Il était évident que les prévisions budgétaires optimistes faites il y a deux ans étaient une absurdité. Il était tout aussi évident qu'en se lançant dans un vaste programme de réduction d'impôts, le gouvernement usait (à l'échelle de milliards de dollars) de méthodes comptables aussi frauduleuses que celles d'Enron.

Si la situation est déjà si mauvaise, comment peut-elle encore se dégrader ? Voici un scénario plausible :

Pour combler son déficit commercial, l'Amérique emprunte plus d'un milliard de dollars par jour à l'étranger. Quand l'Amérique était la terre-refuge des investissements sans risque, c'était chose facile. Mais ce n'est plus le cas aujourd'hui. La conjonction du manque de confiance dans la comptabilité des entreprises et dans la politique économique américaines (sentiment encore conforté par des déficits croissants) et d'une base économique fragile a porté un coup à la réputation de l'économie américaine.

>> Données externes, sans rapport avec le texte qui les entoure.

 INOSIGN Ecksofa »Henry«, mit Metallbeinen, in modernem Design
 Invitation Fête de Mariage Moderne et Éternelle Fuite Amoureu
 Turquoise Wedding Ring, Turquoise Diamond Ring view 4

Les investisseurs étrangers commencent alors à se retirer, ce qui affaiblit le dollar. L'Amérique devient encore moins attractive et c'est la ruée vers la sortie.

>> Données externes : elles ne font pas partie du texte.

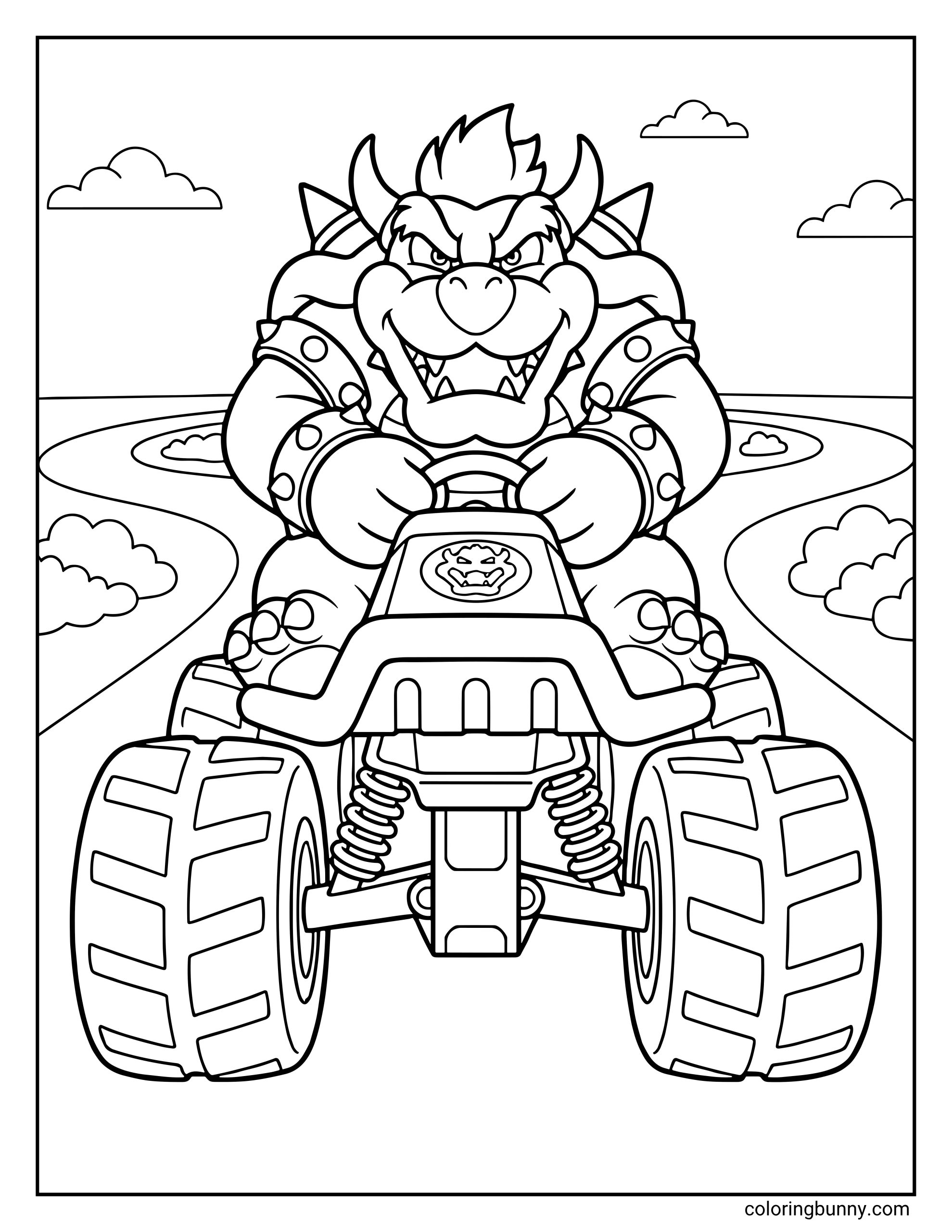 A coloring page of Bowser driving a heavy-duty monster truck kart with large, treaded tires on a race track. The Koopa King has a determined expression, set against a simple background of a race track, clouds and bushes.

Le dollar faible favorise les exportations, son effondrement s'accompagne d'une chute des marchés et d'une diminution supplémentaire de la confiance. Et finalement, même le consommateur américain soi-disant intouchable réalise qu'il est moins riche qu'il y a trois ans et qu'il vaut mieux qu'il commence à mettre de l'argent de coté pour sa retraite, surtout s'il prend en compte les expériences que veut faire Bush en la matière.

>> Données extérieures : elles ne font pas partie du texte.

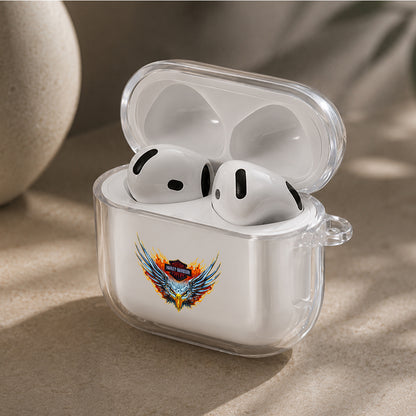 Harley Davidson Eagle Logo Protective Apple Airpods 4 Clear Case - Durable Clear Protection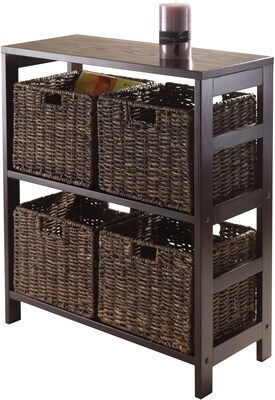 Winsome Granville Wood 5-Pc Storage Shelf With 4 Foldable Corn Husk Baskets, Espresso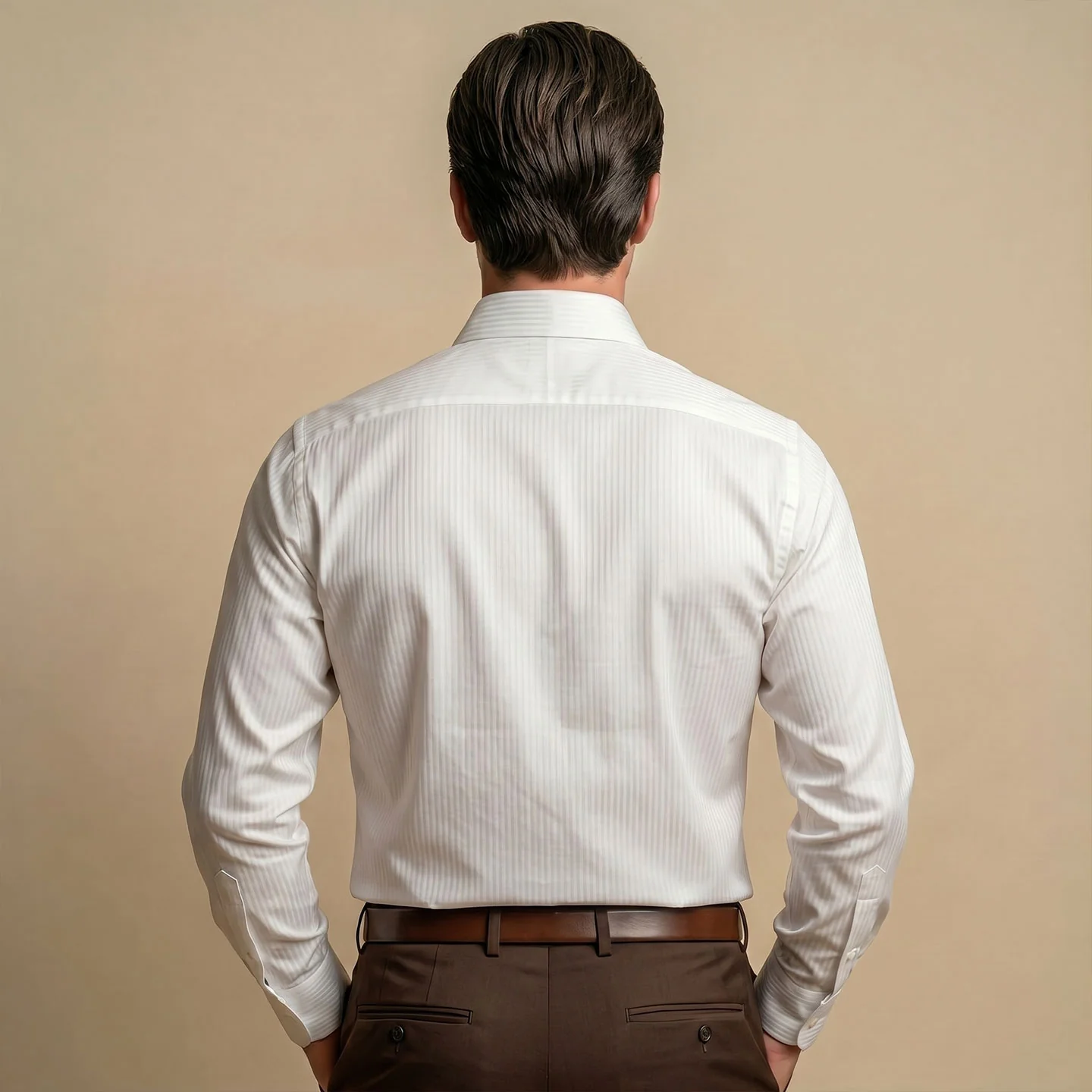 Crest Self Stripe 2 Ply Giza Shirt in Cloud White - Image 6
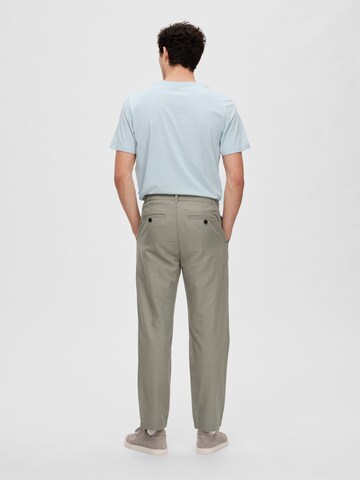 SELECTED HOMME Regular Pleat-front trousers 'Jones' in Green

A ce stade, les Américains eux-mêmes placent leur argent à l'étranger. Pourquoi ne le feraient-ils pas ? Ils sont libres de leur choix et les Bourses européennes constituent une alternative séduisante.

Mais l'issue n'est guère plus favorable pour l'Europe. L'affaiblissement de l'économie américaine et la remontée de l'euro freinent les exportations européennes. La Banque centrale européenne, obsédée par l'inflation, est lente à baisser ses taux d'intérêt, tandis que le Pacte de stabilité européen ne permet pas d'y remédier par la fiscalité. L'Europe rejoint l'Amérique dans la récession, amplifiant ainsi le déclin américain et déclenchant une crise mondiale.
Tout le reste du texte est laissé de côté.